No Brasil, a cobertura e a repercussão crítica dos recentes escândalos envolvendo os astros do futebol Adriano e Vagner Love revelam, entre outras coisas, um indisfarçável preconceito de classe.
O que mais escandaliza a chamada crônica esportiva, com honrosas exceções, parece ser o ambiente em que os personagens foram “flagrados”. A própria recorrência desse verbo é significativa, como se estar num baile funk ou simplesmente na favela fosse por si só uma atitude ilícita ou, no mínimo, suspeita.
Na Chatuva e na Barra
O vínculo entre os termos favela e crime, martelado durante décadas pelos meios de comunicação, parece ter-se tornado indissolúvel. Condena-se Adriano não tanto por trocar socos com a namorada, mas por fazê-lo no morro da Chatuva, e não numa cobertura na Barra da Tijuca ou num palacete em Milão.
O viés de classe nunca ficou tão evidente, aliás, como quando o jogador, um ano atrás, deixou de se reapresentar a seu clube, a Internazionale de Milão, e se refugiou durante três dias no bairro onde se criou, no Rio de Janeiro. A perplexidade foi geral, na imprensa e no mundo futebolístico.
A pergunta que se repetia era: como um sujeito abre a mão de milhões de euros, do destaque num clube de ponta, de uma cidade sofisticada, para voltar à favela? O corolário, explícito ou subjacente, era mais ou menos o seguinte: “Quem nasce na maloca nunca vai deixar de ser maloqueiro”.
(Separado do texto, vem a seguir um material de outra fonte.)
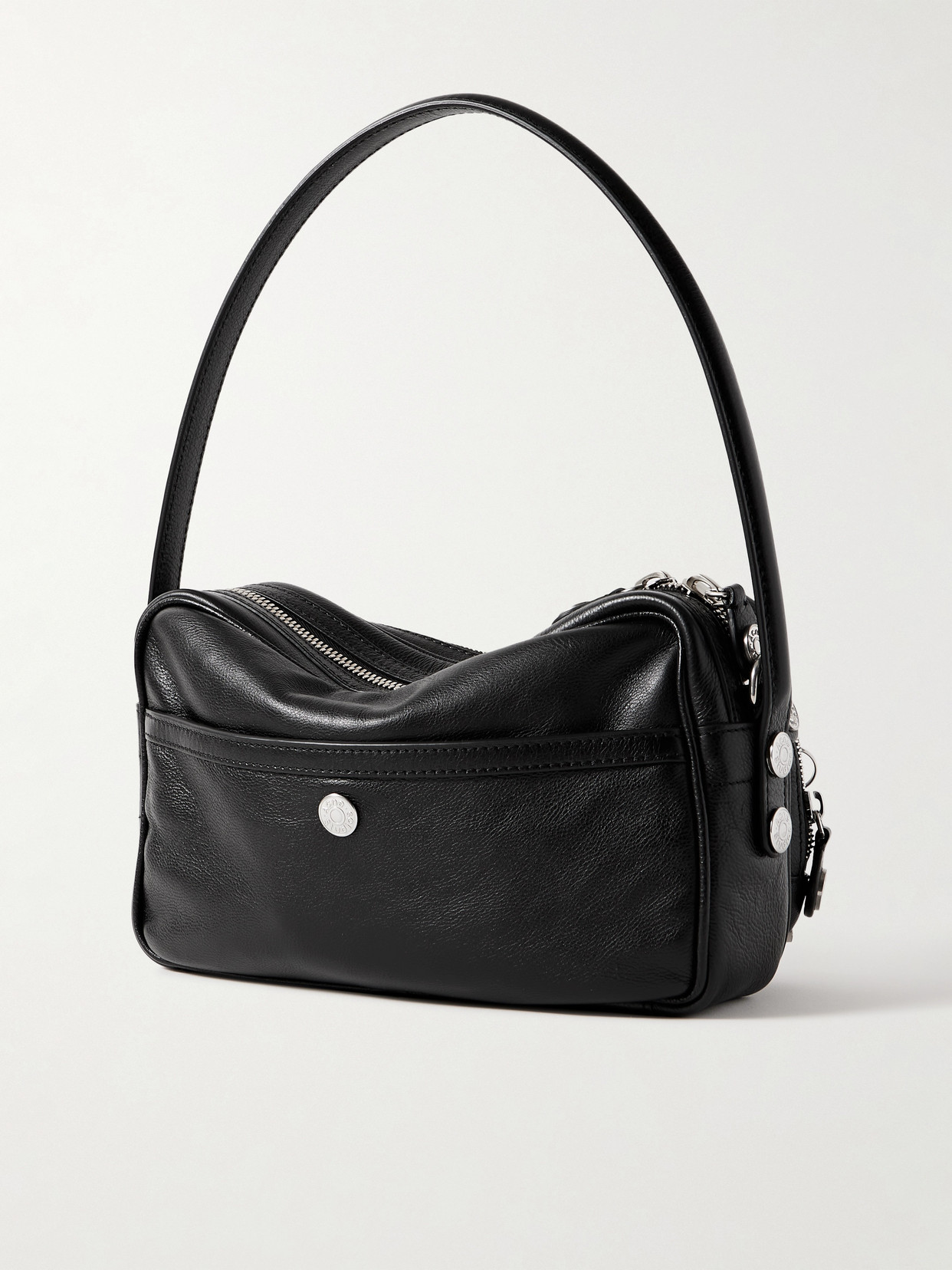 Acne Studios Medium Embellished Textured-leather Tote In Black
Uma espécie de “nostalgia da lama” arrastaria Adriano para baixo – ainda que, topograficamente, para cima.
O que escandaliza, no fundo, é a recusa em aderir aos valores, condutas e discursos tornados praticamente compulsórios para quem “vence” na nossa sociedade.
Não se perdoa Vagner Love por optar por um baile funk na Rocinha em vez de uma boate na zona sul do Rio. No primeiro, estão os “bandidos”; na segunda, a gente de bem.
Pouco importa que o tráfico que mata tanta gente no morro se alimente do consumo recreativo de muitos habitués das casas noturnas chiques.
Num país de “malandros com contrato, com gravata e capital”, não escandaliza ninguém que Kaká sai publicamente em defesa dos líderes de sua argentária igreja, investigados em dois países por estelionato e lavagem de dinheiro.
Kaká, diz a crônica em uníssono, é um rapaz de boa cabeça, de boa família, de boa “estrutura”. Mas Vagner Love aparecer num baile na Rocinha ladeado por traficantes armados (algo que talvez ocorresse com qualquer celebridade que visitasse o local) é intolerável.
Motel e travestis
Para reforçar a constatação de que, entre nós, o viés de classe é ainda mais forte do que o viés moralista, um caso exemplar é o de Ronaldo, “flagrado” (olha o verbo de novo) com três travestis num motel do Rio.
O que mais se ouviu, nos bastidores da imprensa, foi: “Como é que um sujeito com grana que ele tem vai se meter com travecos de rua? Era só pegar o telefone e encomendar a perversão que quisesse, no sigilo do seu apartamento ou de um hotel de luxo”.
Ou seja, dependendo do montante gasto, do cenário e dos figurinos, tudo é bonito e aceitável.